Matt leapt the final staircase and skidded to a halt atop an empty roof, with nowhere left to go.
His vision swam. His legs were lead. His chest had stopped heaving, simply content to seize, clenching in a vain attempt to stop his lungs collapsing in on themselves. He stumbled forward, lurching towards the edge of the building, free hand clutching loose his injured shoulder. He was… well oh wow he was losing a lot of blood. This, ugh, this was starting to be something of a habit.
“Jane…” he murmured, stumbling forward with staggering footsteps, “Any time now…”
In the distance he could see her still fighting. How could anyone not? The light of Dawn shone like a star, like the Aurora Nirvanas, a golden maelstrom of energy burrowing into the corrupting grey. She was so close to the centre, the entire field now buckling around her. She’d almost done it. And he was almost not dead. Almost. So close.
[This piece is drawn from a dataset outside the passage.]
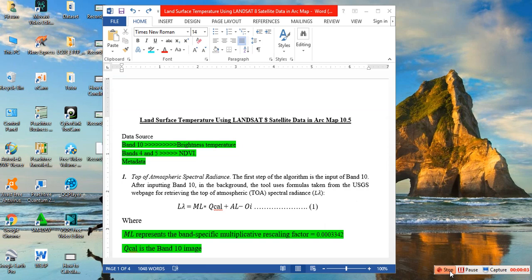Hi, my name is Fusundlan. Today I'll show you how to calculate land surface temperature using a Landsat 8 image in ArcMap 10.5. In order to calculate land surface temperature, we need several files: band 10 or band 11, which are the thermal bands, and band 4 and band 5, which are the red band and near-infrared band. We need band 4 and band 5 to calculate NDVI, and we also need the metadata to extract some information.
But there was nowhere left to run. No more silly bullcrap. Beneath him, behind him, the footsteps coming up the stairs had decreased into a steady, relentless thud, following unwavering along his erratic, bloody trail. Thud. Thud. One foot in front of the other, the murderous gait of a predator slowly stalking its prey, savouring the fear, the trapped moments sweetening the killing.
Matt winced as he shrugged off Azleena’s bugout bag, the weight of it now depressingly empty as he dangled it over the concrete, holding the strings from both hands. What was in there now? A protein bar? A smoke bomb? Those cans of deodorant he’d picked up? He’d had some thought of turning those into makeshift flamethrowers, but Matt no longer had a flare and he didn’t have a lighter. Also the blood on his hands kept slipping, and he was having trouble seeing straight.
None of those were going to do anything. The smoke wouldn’t even slow him down; the bag itself? Maybe if he could get it on the attacker’s head and then play dead man rodeo, with only one working arm and a significant amount of blood loss. Sure, seemed doable. The deodorant and the rations? Well, the man coming to kill him might be smelly or hungry. But Matt guessed the final soldier was probably not the type to be deterred by petty niceness, otherwise he probably wouldn’t have been picked to assassinate him in the first place.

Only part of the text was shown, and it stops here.